* Task goal *
Retype only the lines below from the one with "रिस्पना नदी के" to the one with "Leonoor Ruigrok - Dutch", inclusive, skipping every image.

* Given records *
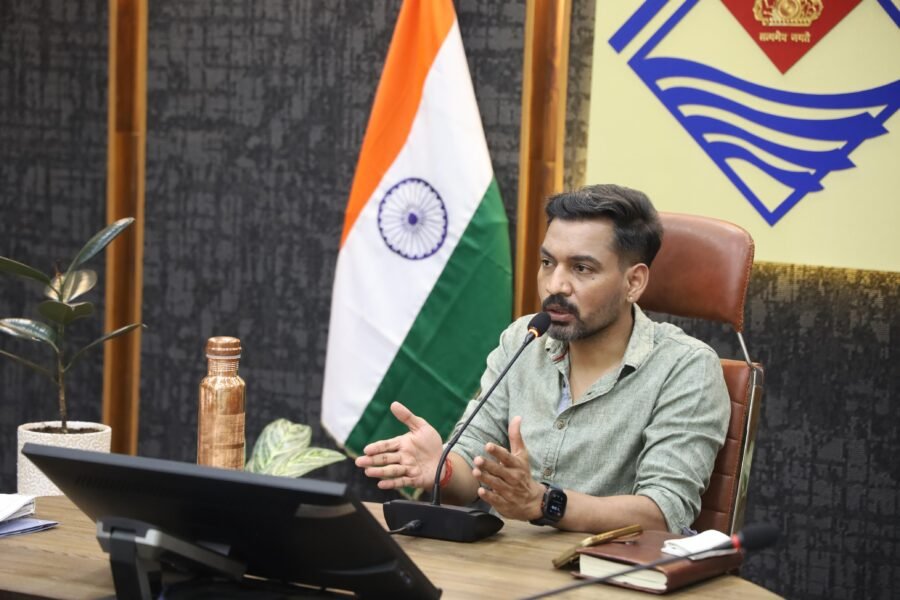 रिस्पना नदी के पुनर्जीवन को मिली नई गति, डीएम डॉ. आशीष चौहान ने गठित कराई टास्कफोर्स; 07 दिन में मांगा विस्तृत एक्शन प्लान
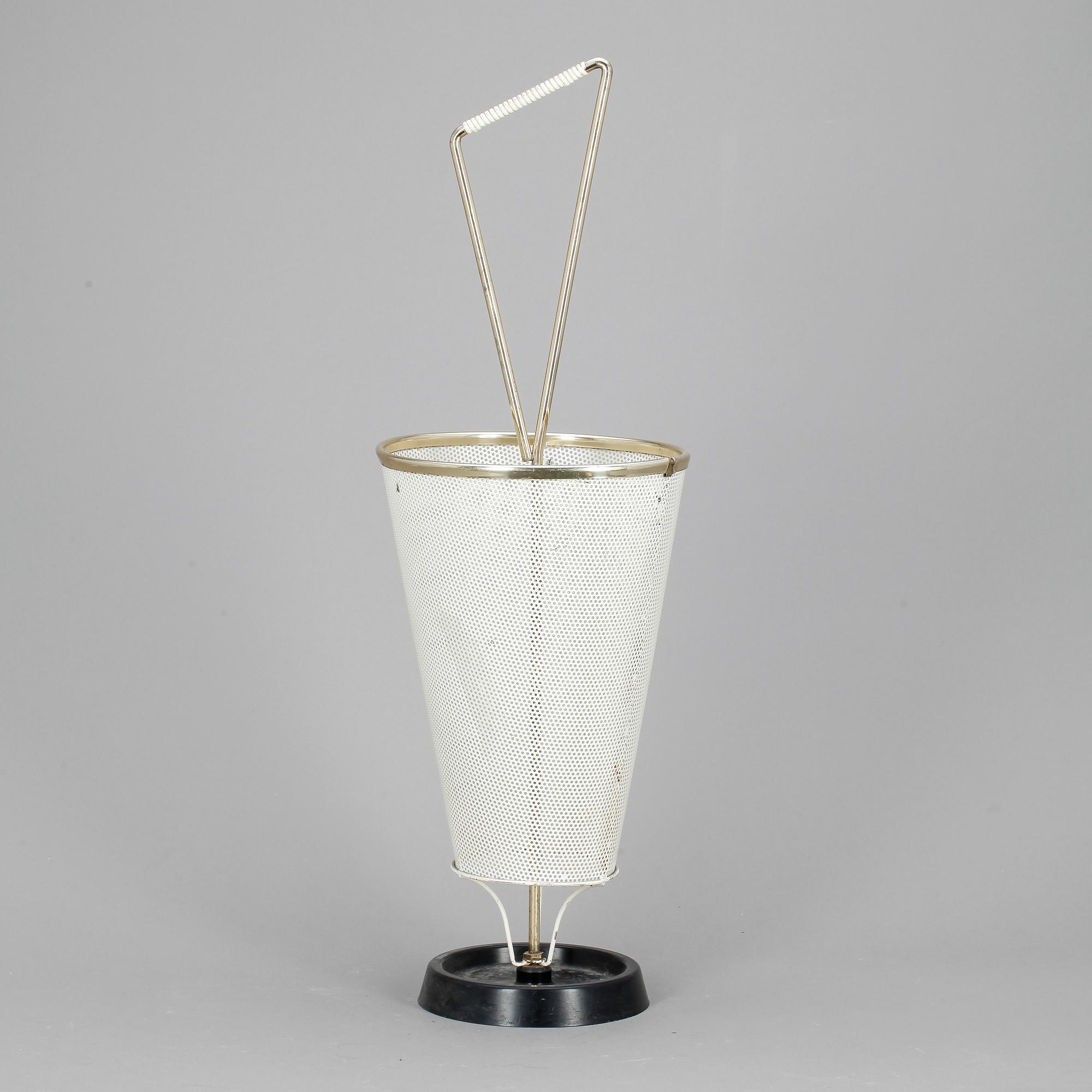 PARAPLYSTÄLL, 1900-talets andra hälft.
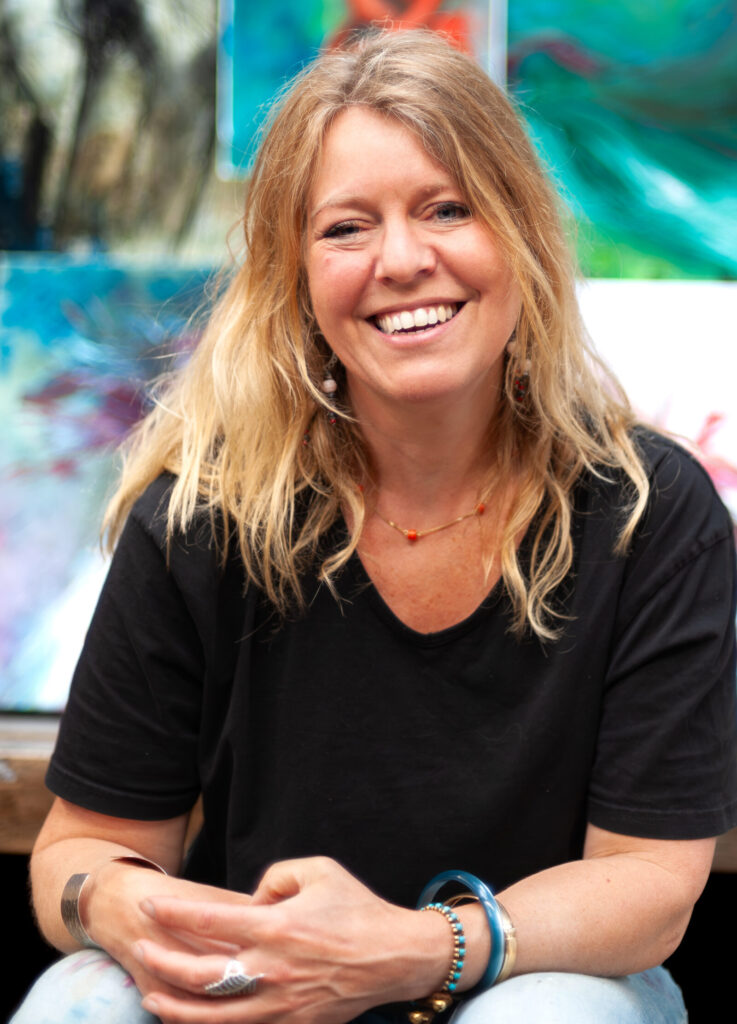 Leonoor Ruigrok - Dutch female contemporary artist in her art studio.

==

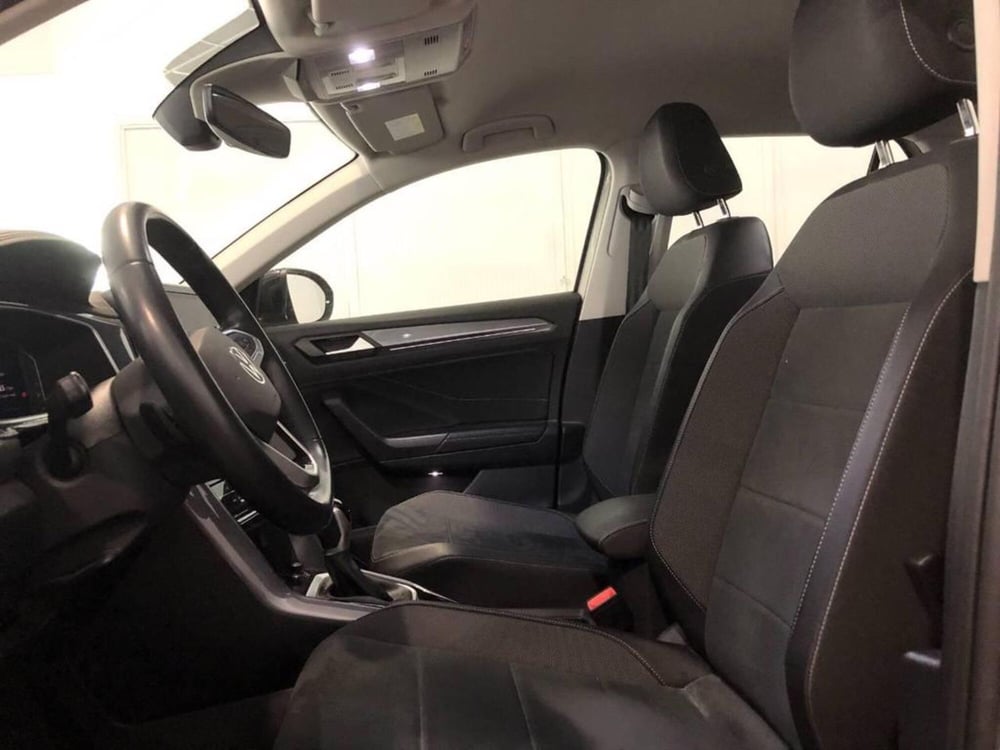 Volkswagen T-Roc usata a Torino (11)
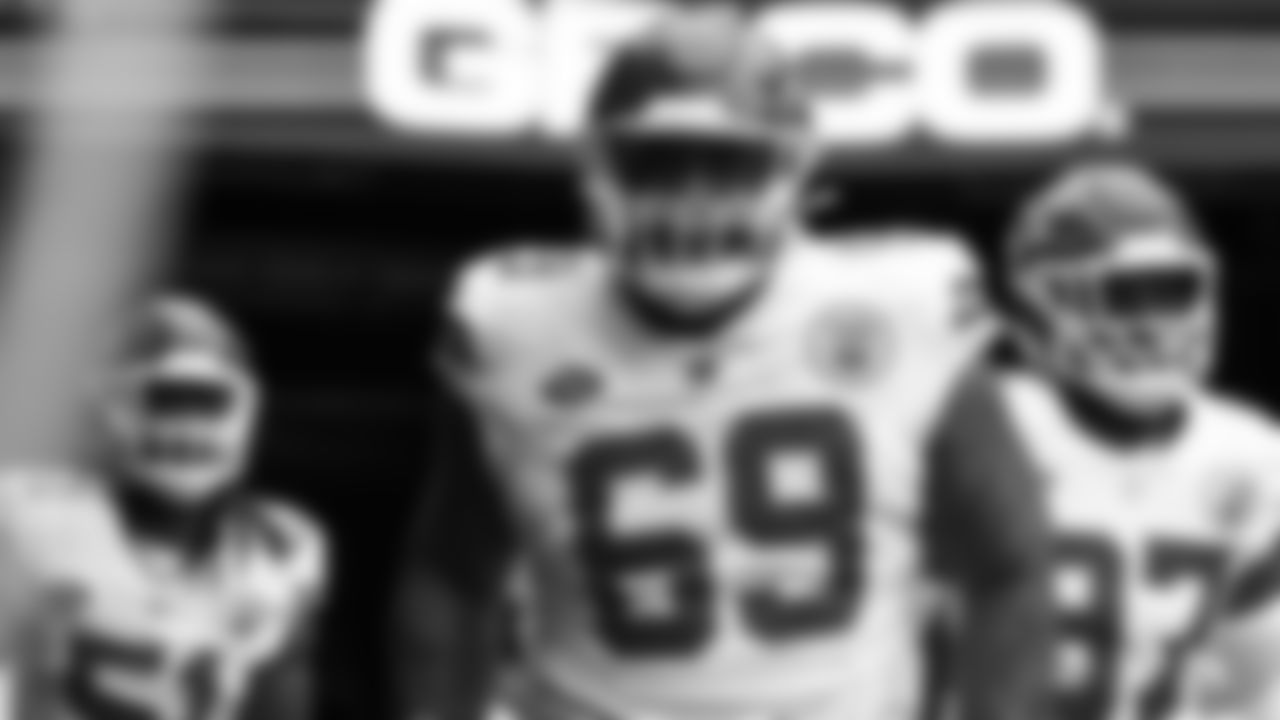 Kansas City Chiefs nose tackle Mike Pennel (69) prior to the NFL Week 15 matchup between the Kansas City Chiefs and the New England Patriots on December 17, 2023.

==

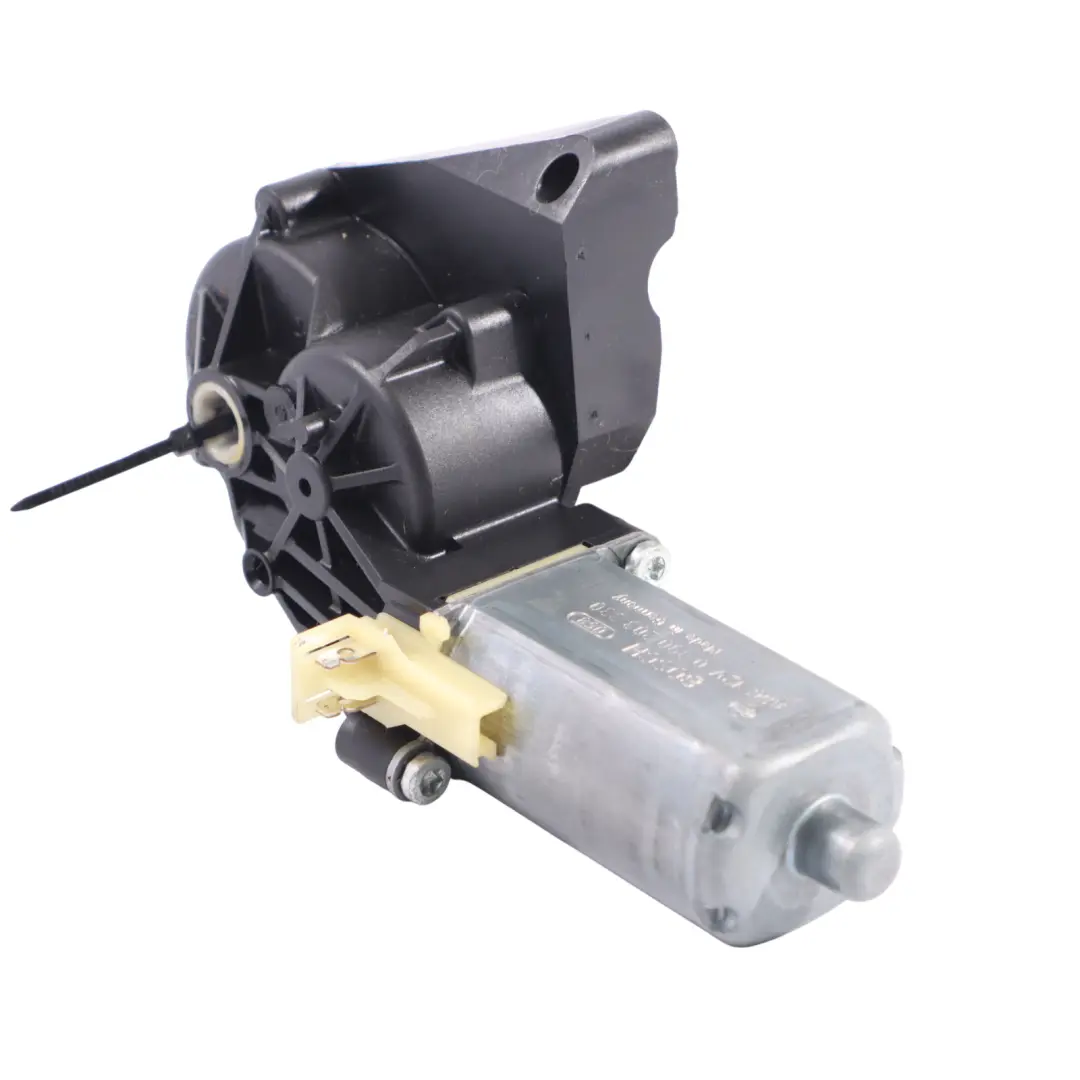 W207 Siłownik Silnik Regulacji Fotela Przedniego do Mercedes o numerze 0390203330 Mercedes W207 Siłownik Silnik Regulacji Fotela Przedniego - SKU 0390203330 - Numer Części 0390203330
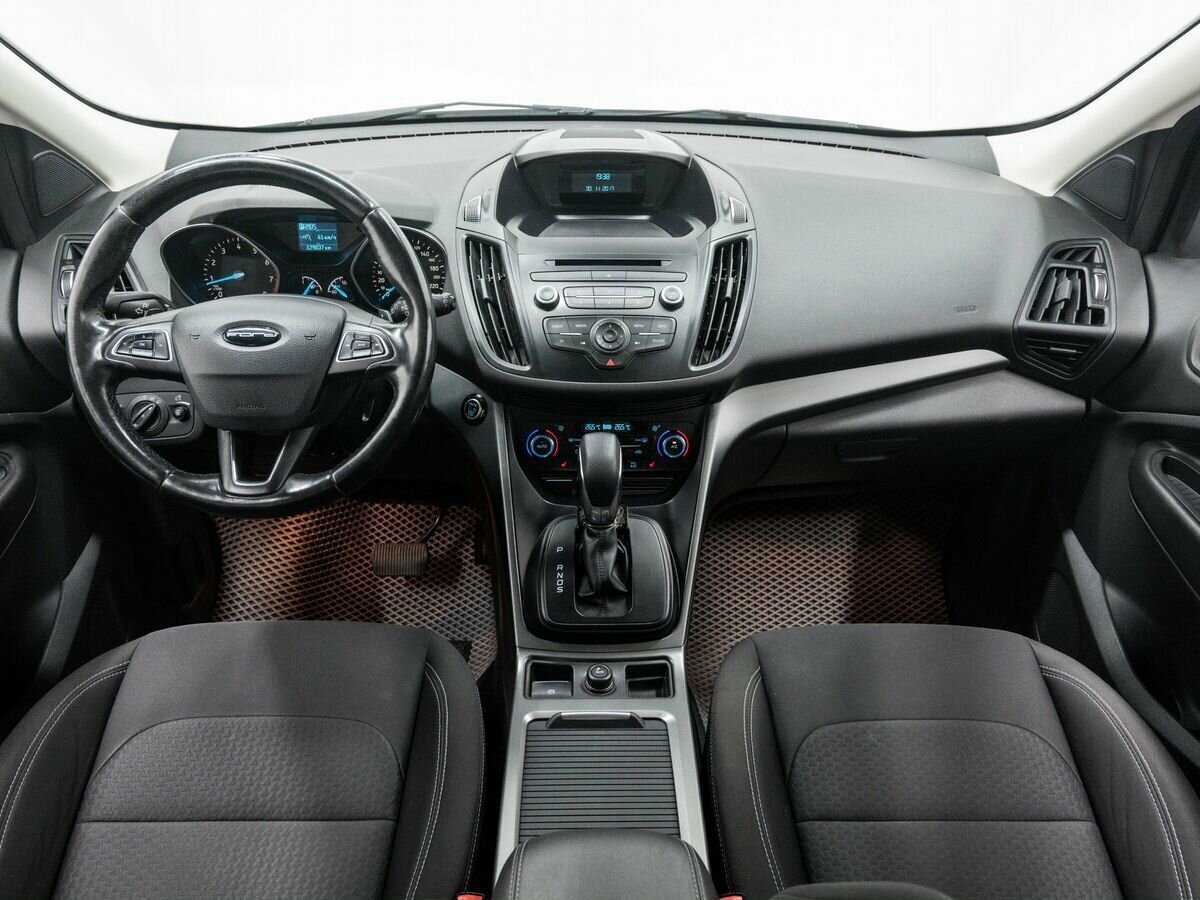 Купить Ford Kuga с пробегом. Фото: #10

* Problem solution *
 रिस्पना नदी के पुनर्जीवन को मिली नई गति, डीएम डॉ. आशीष चौहान ने गठित कराई टास्कफोर्स; 07 दिन में मांगा विस्तृत एक्शन प्लान
 PARAPLYSTÄLL, 1900-talets andra hälft.
 Leonoor Ruigrok - Dutch female contemporary artist in her art studio.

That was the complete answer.